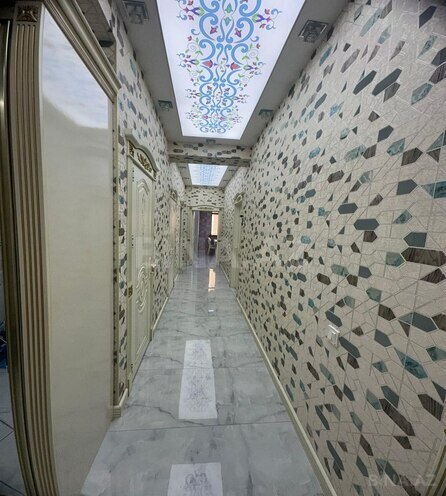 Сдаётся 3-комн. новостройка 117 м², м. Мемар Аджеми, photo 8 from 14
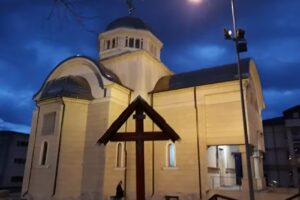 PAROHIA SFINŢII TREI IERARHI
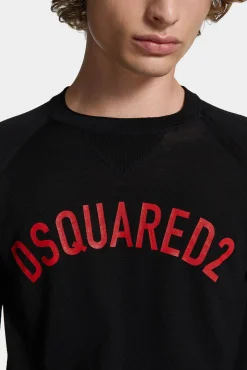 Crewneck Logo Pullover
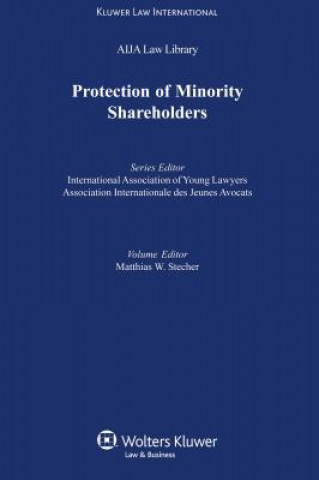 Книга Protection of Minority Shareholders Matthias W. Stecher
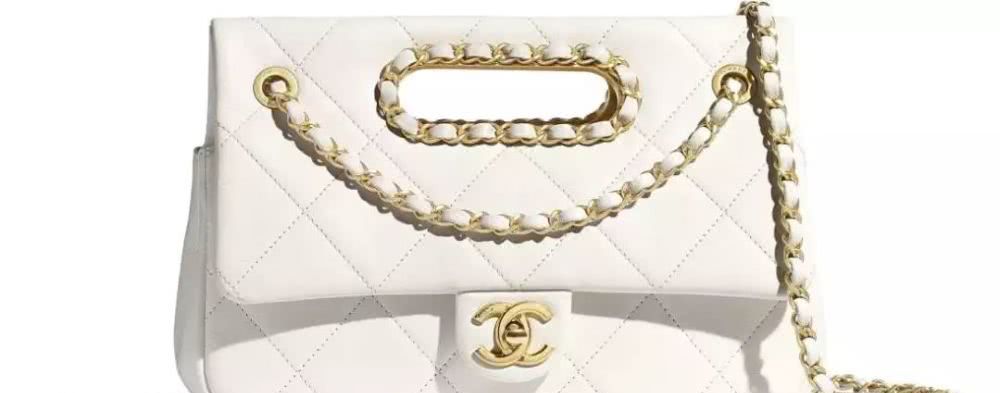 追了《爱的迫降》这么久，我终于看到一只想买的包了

---

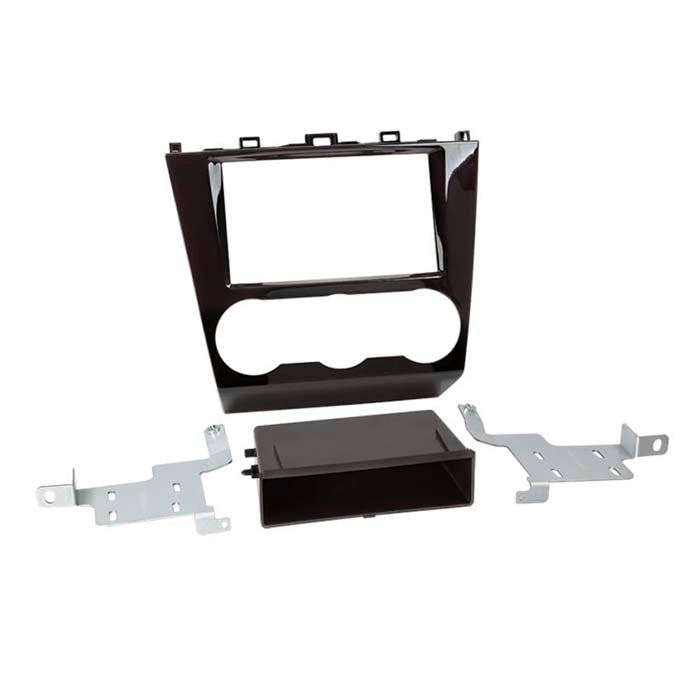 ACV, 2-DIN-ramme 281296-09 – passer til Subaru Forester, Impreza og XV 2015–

Assigned task ::
In the records above, find the line with "Сдаётся 3-комн. новостройка" and the line with "追了《爱的迫降》这么久，我终于看到一只想买的包了", then restate word for word only those two lines and all lines between, omitting pictures.

Output for this exercise ::
 Сдаётся 3-комн. новостройка 117 м², м. Мемар Аджеми, photo 8 from 14
 PAROHIA SFINŢII TREI IERARHI
 Crewneck Logo Pullover
 Книга Protection of Minority Shareholders Matthias W. Stecher
 追了《爱的迫降》这么久，我终于看到一只想买的包了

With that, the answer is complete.